Critical theory turned against art as The Speech of the Fathers, author as authority. Undermining that authority was a good game for two generations of scholars. Then comes the question of what is left? If the Canon is demolished, what seeps in in its stead? Popular culture. In a way, the rationale for doing the liberal arts was undermined. I read the article as a belated recognition that critical theory is parasitic on the canon, and when the canon has been poisoned, the parasite too dies. (This theme too is very old. I recall reading J. Hillis Miller riffing the theme of the parasite in Critical Theory circa 1979.)So, instead of killing the host, the article suggests, it is time to revive it. I agree, and only wish this had dawned on folks 25 years ago.

Funny. I was just asking my neighbor if he had ever experienced the stretching of time, like when a week seemed like a year, in a good way. No, he said, never that, only the opposite. A pigeon flew by and dropped some historical material on my head. The world spun blithely on...

Benjamin was a heir, as was Karl Kraus. The role of flaneur often depended on the remittance from the parent or trust fund. Having a guaranteed income can free the mind from sordid care, and allow Theory or Satire greater room for expression. Dick Minim finds this to be so.

"Earned firewood". That would be when the guy that comes up with the sharpened blade and the club to swing it into the fallen tree makes his move. And gets caught up in the opening out into that new world we all come from.
Not that wealth can't be earned, if wealth means money then yes of course, but that it's a threshold thing, and over-reliance on the thrill of it gets bizarre.
You make firewood because it's vital essential and you remember the winter behind you coming again.
Cutting down whole swaths of forest doesn't make you a better provider. Perhaps this is what's meant by "there's no such thing as earned wealth".

Sounds like poaching, punishable by death. Well earned retribution.

... indeed

Well you wore out your welcome with random precision,
rode on the steel breeze.
Come on you raver, you seer of visions,
come on you painter, you piper, you prisoner, and shine!

Theory, beautiful, theory. I once dreamed of creating a theory of literature, it was my obsession. Now look at me, a character in a two bit Bondage Bordello.

Au lieu de penser, reflechir et agir, on marmotte comme un diamant fou ... plus ca change, plus c'est la meme chose.

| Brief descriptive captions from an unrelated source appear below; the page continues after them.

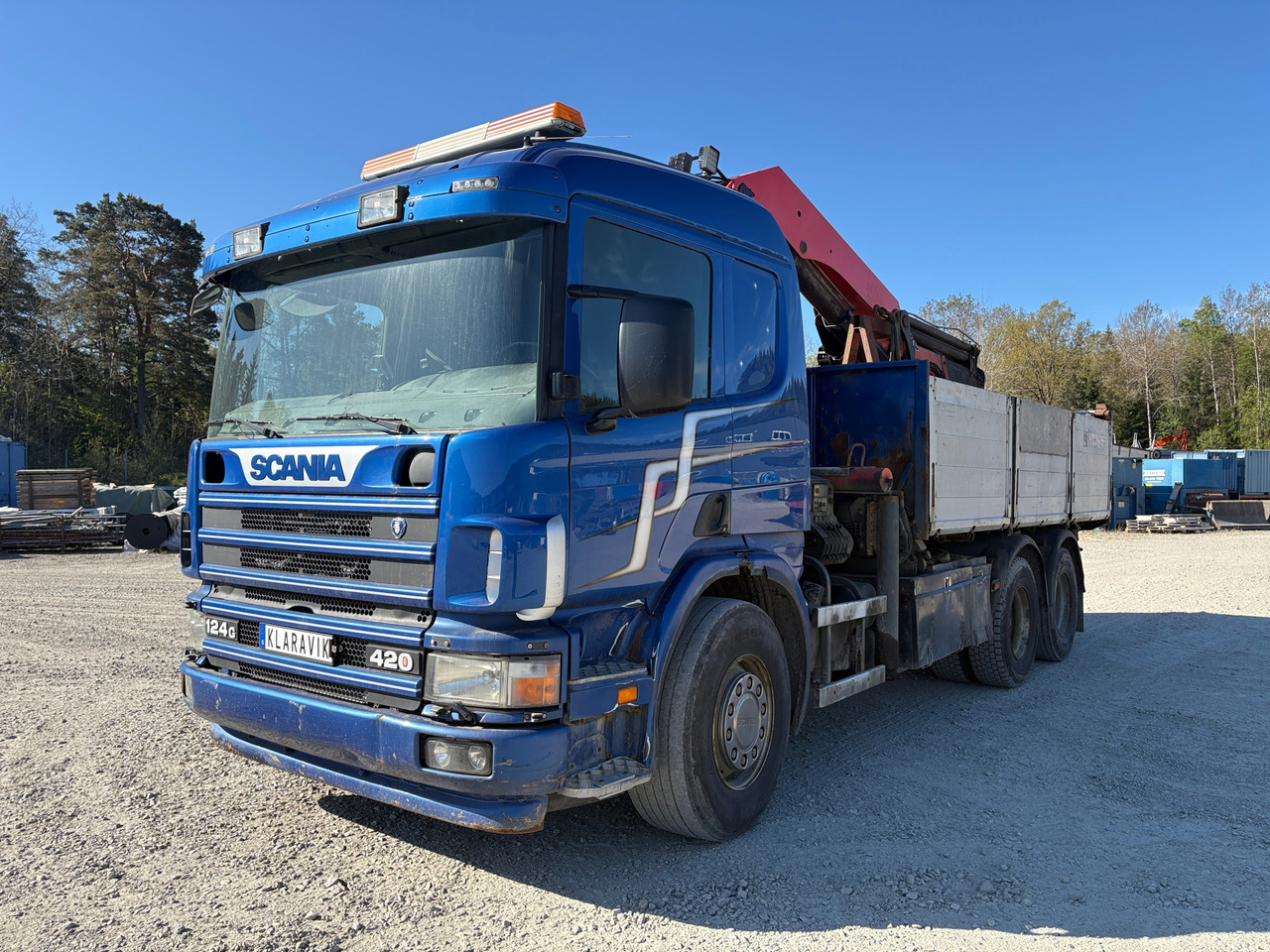 Scania P240 6x2 - Crane truck: picture 1 Scania P240 6x2 - Crane truck: picture 1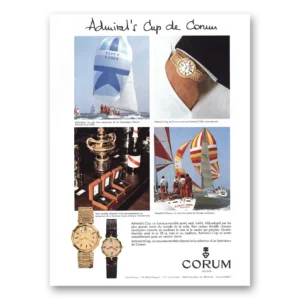 1984 Corum Watch Print Ad | Admirals Cup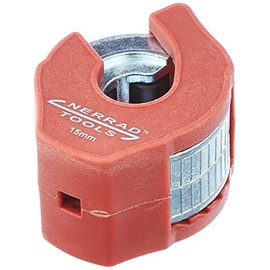 NERRAD Tools NT3015 Ratchet Action Copper Tube Cutter, Red/Silver, 15 mm
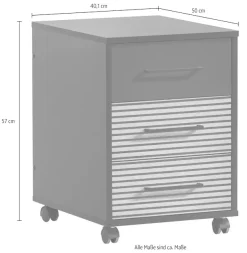 Schildmeyer Container »Hank, Rollcontainer, Made in Germany, B: 40 cm« Solide Verarbeitung - Dieses Produkt ist in Deutschland gefertigt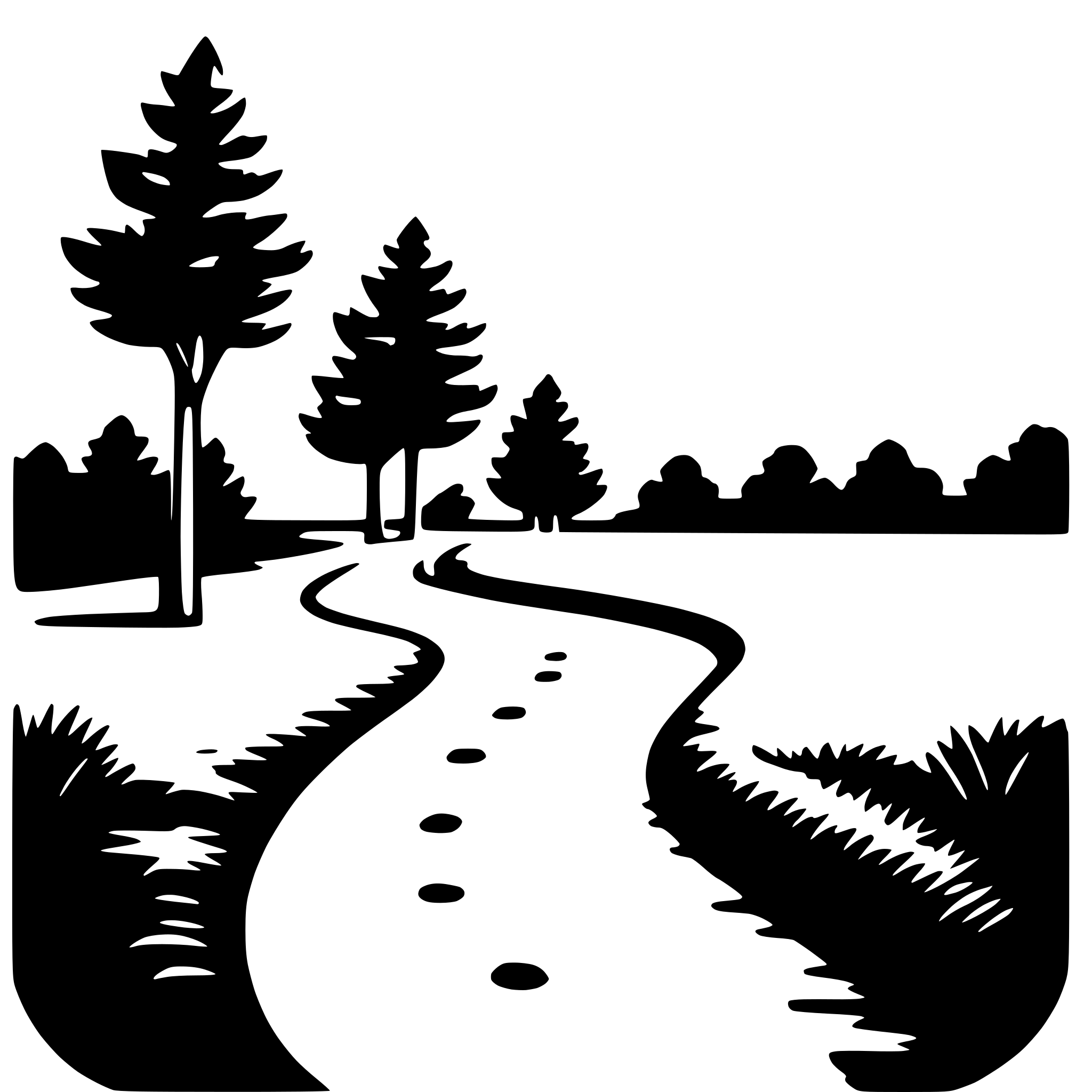 AI-generated SVG of a nature trail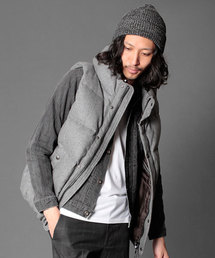 NANO universe | 西川ダウンウールボリュームネックベスト(ダウンベスト)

Increasingly one needs to be well and truly programmed, to accept bounded insanity ... staying sane is too hard, too horrific, really. Where do I sign up for relief ?

Civility means keeping the truth from children.

Some market.

... some value ;-) That intangibility is precious, doncha know.

Maybe it would be better to see the Dumpster Dweller's madness as a gift by the mad-person to the passersby for which they in reciprocity toss him or her a dime. Perhaps the mad are expiating our sins.

I'm not going to argue with you, klaus. It IS a low standard, but we live in a completely fucked-up pretty much artificial world ... and yes, the "market" that the bookies-in-charge run has already taken that into account. Prety much all work that has been done before, like Satir's, has been sucked into Candidia's back pocket.

It ain't gonna change any time soon.

.. and of course you and I both know that my alter-ego who blathers on about knowledge "friendships" is an idiot.

Those with a business model prosper, those without cage drinks in a cafe, or wait for the welfare check. Those at the control are not much concerned about solidarity, equality, human rights. They have other forms of social control that work predictably: propaganda, prisons, mediated news, intellectual property regimes, favor trading among insiders, legal system skewed by political appointments. Against such stuff blogging and hanging out and talking seem a pretty weak force. "There is no alternative," sneers Candidia, "kiss my boots." And we sigh and say, "We know, we know, Mistress. We are living proof." I try to live that way, but my suit becomes a costume, and pretty soon I am aping subservience, and the cycle of retribution starts all over again.